[Task brief]
Go to the line in the entries below that holds "Meridian Furniture –" and repeat exactly from there through the line that holds "Clear Crystal Teardrop Drop Earrings", inclusive.

**** Data in this exercise

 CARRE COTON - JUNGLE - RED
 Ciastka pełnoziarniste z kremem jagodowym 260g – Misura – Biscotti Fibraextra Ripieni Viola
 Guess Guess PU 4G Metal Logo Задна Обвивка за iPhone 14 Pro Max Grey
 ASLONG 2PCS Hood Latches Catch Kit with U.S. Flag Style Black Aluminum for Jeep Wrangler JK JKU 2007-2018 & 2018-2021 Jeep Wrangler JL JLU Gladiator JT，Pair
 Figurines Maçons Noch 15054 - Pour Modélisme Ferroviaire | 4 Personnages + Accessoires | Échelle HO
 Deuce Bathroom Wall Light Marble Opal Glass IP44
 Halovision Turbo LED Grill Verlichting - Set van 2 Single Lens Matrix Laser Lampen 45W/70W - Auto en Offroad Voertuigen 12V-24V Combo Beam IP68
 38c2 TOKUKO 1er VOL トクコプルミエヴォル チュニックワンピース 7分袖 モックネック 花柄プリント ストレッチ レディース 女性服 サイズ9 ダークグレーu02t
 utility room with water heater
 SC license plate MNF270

********
**** Data in this exercise

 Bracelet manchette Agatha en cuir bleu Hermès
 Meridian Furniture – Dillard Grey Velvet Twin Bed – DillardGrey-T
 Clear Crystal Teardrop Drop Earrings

********
**** Data in this exercise

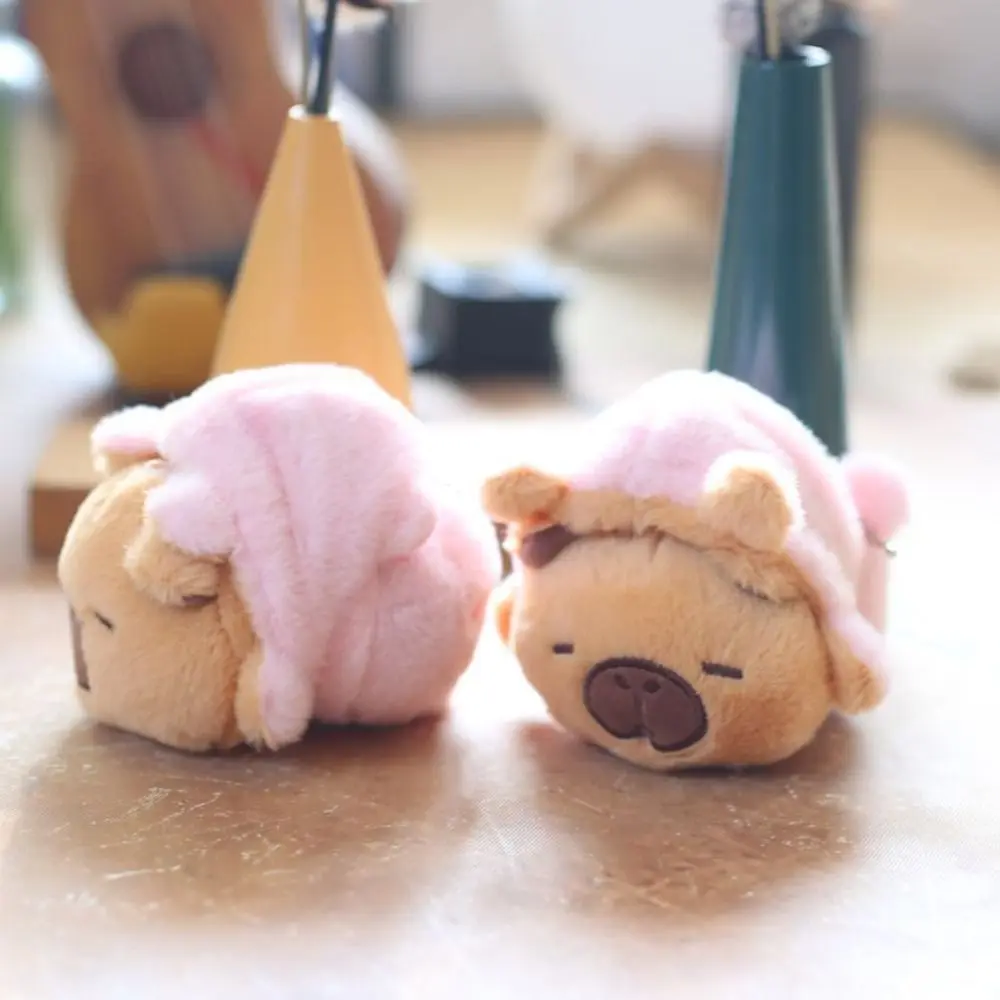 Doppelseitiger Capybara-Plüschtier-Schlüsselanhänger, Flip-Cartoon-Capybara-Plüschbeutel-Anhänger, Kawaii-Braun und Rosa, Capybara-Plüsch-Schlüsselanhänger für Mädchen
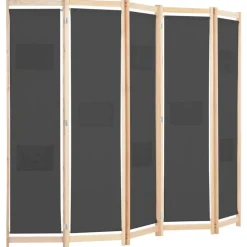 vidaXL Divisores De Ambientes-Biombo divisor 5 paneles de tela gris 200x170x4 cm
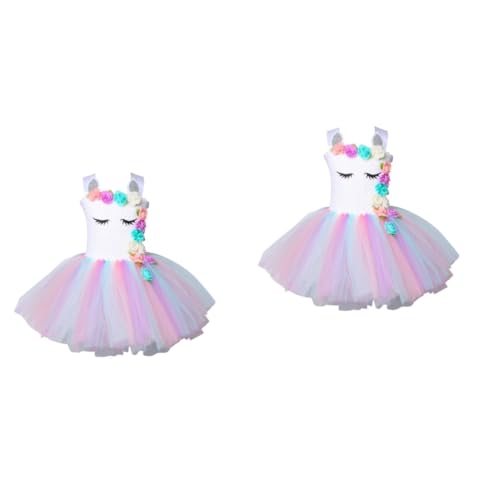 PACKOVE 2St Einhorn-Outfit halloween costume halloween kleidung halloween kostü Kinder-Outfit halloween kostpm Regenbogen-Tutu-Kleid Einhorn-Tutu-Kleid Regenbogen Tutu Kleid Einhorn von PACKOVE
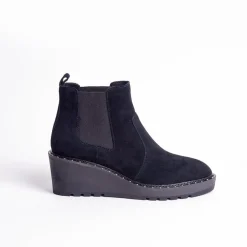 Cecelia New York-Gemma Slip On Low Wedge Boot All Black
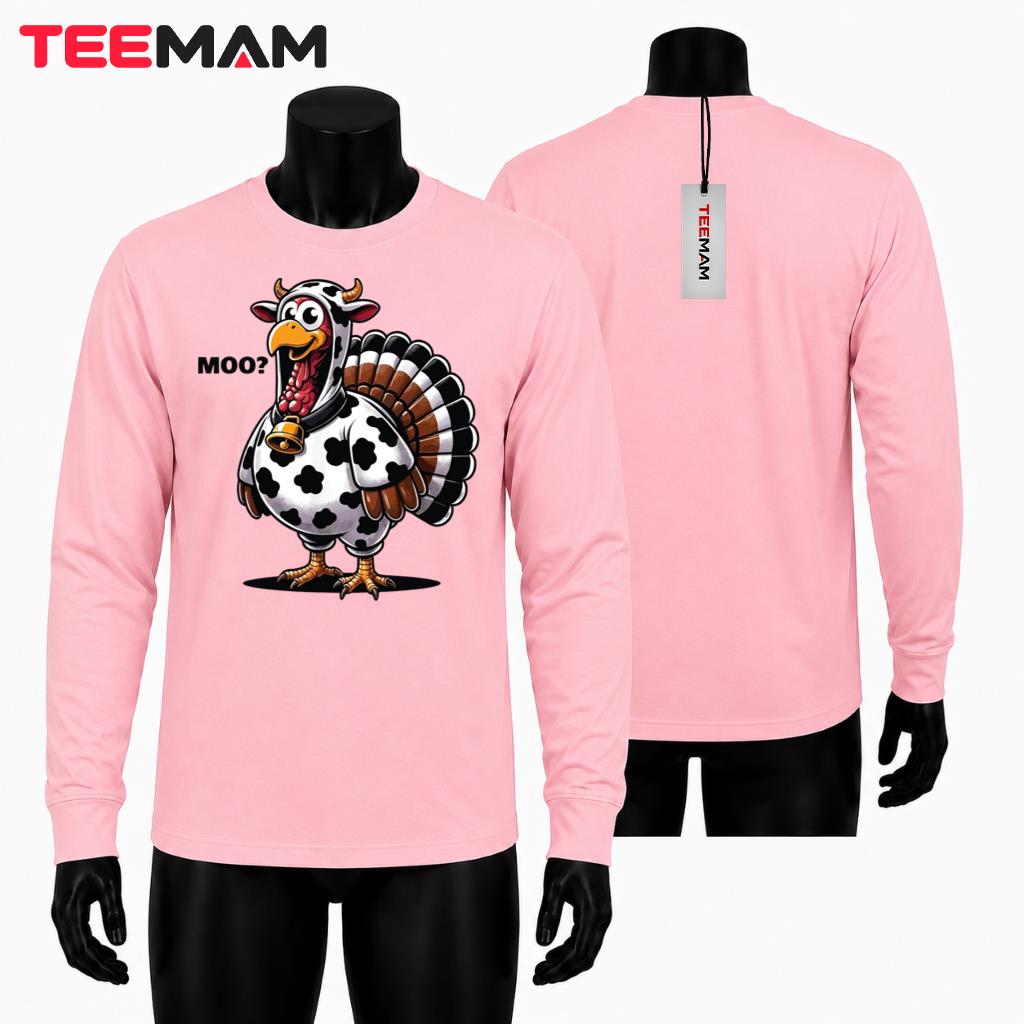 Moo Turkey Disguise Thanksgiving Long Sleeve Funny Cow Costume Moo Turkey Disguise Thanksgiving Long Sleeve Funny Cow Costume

********

[Solution for this task]
 Meridian Furniture – Dillard Grey Velvet Twin Bed – DillardGrey-T
 Clear Crystal Teardrop Drop Earrings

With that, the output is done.